# Id sell an arm for this fish....



## ChristinaRoss (Sep 4, 2009)

check him out!

AquaBid.com - Your Aquatic Auction Website











i just showed him to my husband , he said, "hes amazing! "he was actually considering getting him for me, until he saw 100.00 LOL


----------



## New2Betas (Nov 13, 2009)

WOW!!! Isnt he called a lace or ruffle or something? 

Where do I send my arm?


----------



## dramaqueen (Jul 7, 2008)

Wow!! Awesome looking fish!!!


----------



## MidnightAngel (Oct 29, 2009)

WOW!!! no other words, just WOW!


----------



## ChristinaRoss (Sep 4, 2009)

hes said to be a halfmoon, believe it or not............looks like a rosetail to me......

how high do u think the bid will go?? its at a 100.00 now


----------



## Romad (Jun 28, 2009)

I'd sell your other arm for him


----------



## AlexXx (Aug 23, 2009)

it'd be quite difficult to do water changes without an arm hehe...

But he is stunning!


----------



## vaygirl (Sep 10, 2009)

It says account under investigation. No one bid on it! :O

Still, gorgeous picture!


----------



## Calmwaters (Sep 2, 2009)

Awsome fish!


----------



## BettaxFishxCrazy (Sep 5, 2009)

OH MY GOSHHHH!!!!!!!!!!!! *drools*hahaha


----------



## Romad (Jun 28, 2009)

AlexXx said:


> it'd be quite difficult to do water changes without an arm hehe...
> 
> But he is stunning!


Not for me LOL. But I'd help you out with your other fish after I own this one


----------



## iheartmyfishies (Sep 14, 2009)

I question the legitimacy seeing as that same exact fish was sold over a month ago for over 300 dollars (I know because it's my desktop wallpaper)


----------



## lilyrazen (Oct 25, 2009)

iheartmyfishies said:


> I question the legitimacy seeing as that same exact fish was sold over a month ago for over 300 dollars (I know because it's my desktop wallpaper)

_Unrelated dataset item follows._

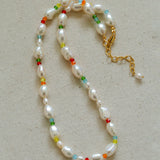 Colorful Beads Baroque Pearl Necklace-Gembea Jewelry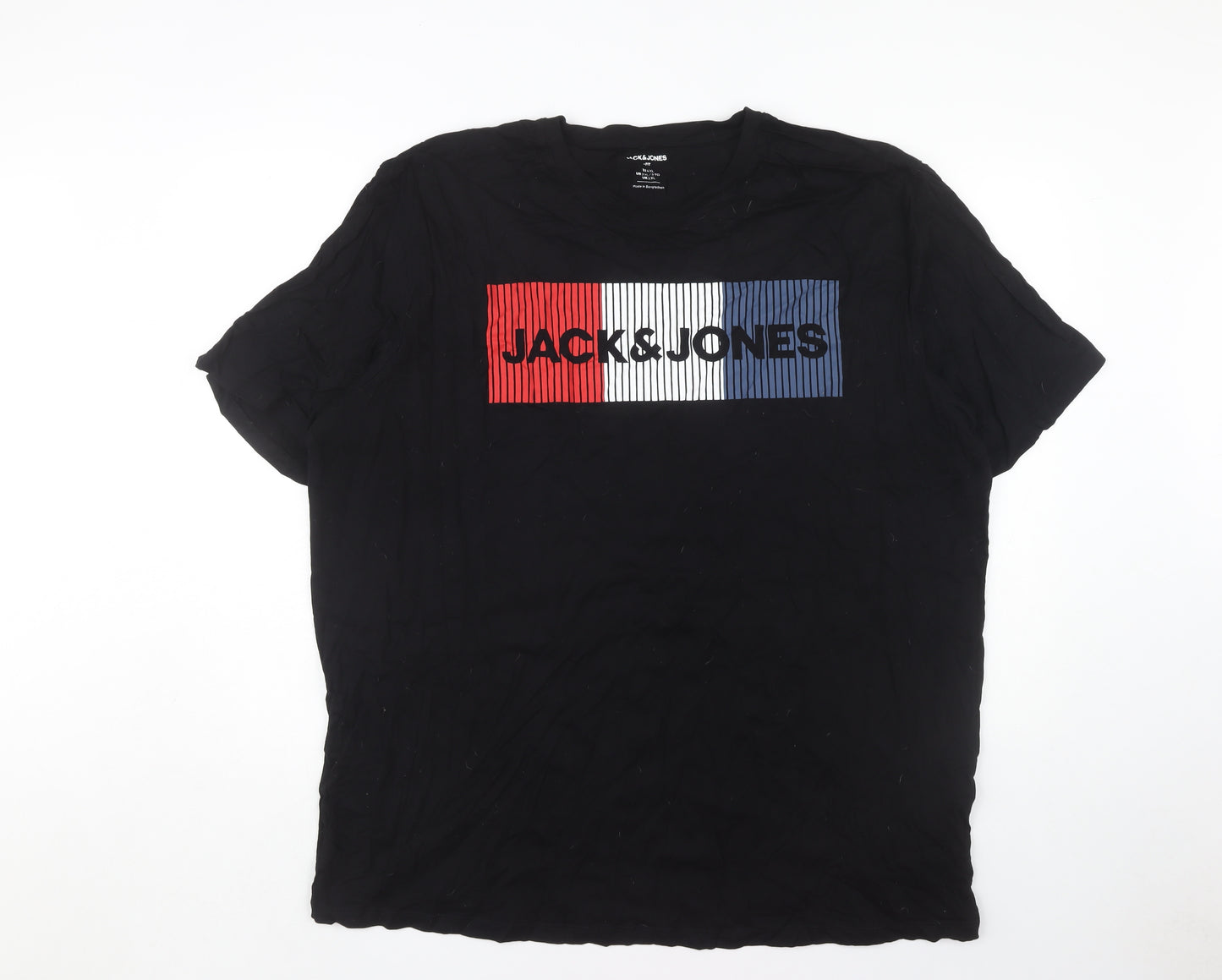 Jack & Jones Men's Black 2XL Graphic T-Shirt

I thought it looked familiar. You must've shown me before.


----------



## CodeRed (Jun 11, 2009)

Yeah, I remember a forum post about this fish, and the same breeder had tons of beautiful fish. I remember this because I used the pictures for a project :3


----------



## SaylorKennedy (Aug 11, 2009)

Yup, I remember I said that he looked furry.


----------



## ChristinaRoss (Sep 4, 2009)

lol furry!


----------



## SaylorKennedy (Aug 11, 2009)

Original thread. 
http://www.bettafish.com/showthread.php?t=30823


----------



## Elaina (Oct 30, 2009)

Yeah that guy/girl has been going around placing rediculous bids on things(like $5000), and posting fish from other sellers that have been sold already.


----------



## Bettabubble3 (Aug 17, 2009)

haha furry


----------



## bettaowner101 (Nov 13, 2009)

WOW! He's georgous! I have seem some really pretty Bettas on that site. I would never spend $100.00 for a betta. It doesn't even tell us how old he is.


----------



## k stiles (Aug 29, 2009)

I want sooooooooooooooooooooooooooooooooooooooooooooooooooooooooooooooooooooooooooooooooooooooooooooooooooooooooo mbad!!!!


----------



## iheartmyfishies (Sep 14, 2009)

That user shouldn't be taking people's money like that!


----------



## CodeRed (Jun 11, 2009)

Forget that fish, I'd give an arm and a leg for THIS fish!


----------



## dramaqueen (Jul 7, 2008)

WOW!!!!! I just can't imagine having a betta like that!!


----------



## CodeRed (Jun 11, 2009)

Only 25 bucks too!  If I had the money and the space, I'd so get him. He sure is the most gorgeous betta I've ever seen.


----------



## MrVampire181 (May 12, 2009)

Well if I sell my text books I'll be able to afford him he he he.


----------



## CodeRed (Jun 11, 2009)

haha. I really, really wish I could get this guy. He's positively stunning. I once said my dream fish was a black and white halfmoon... I lied. THIS is my dream fish.


----------



## Elaina (Oct 30, 2009)

Wow! Now THAT'S a betta! Niwit always has such great looking fish!


----------



## ninjafish (Oct 25, 2009)

He's gorgeous! Too bad it's not a legit auction..Some people are so shady. >I


----------



## AlexXx (Aug 23, 2009)

omg Mrvampire you just made me so happy, i totally forgot about selling books! WOOOO


----------



## Elaina (Oct 30, 2009)

Omgg, I'm tempted to actually buy that fish(the one codered posted), but I need to be spending my money on xmas gifts right now.


----------



## ChristinaRoss (Sep 4, 2009)

that white hm has a bidder at a 100.00 too

i wonder then what he will actually receive?


----------



## Bettabubble3 (Aug 17, 2009)

i know. it gets me thinking.....


----------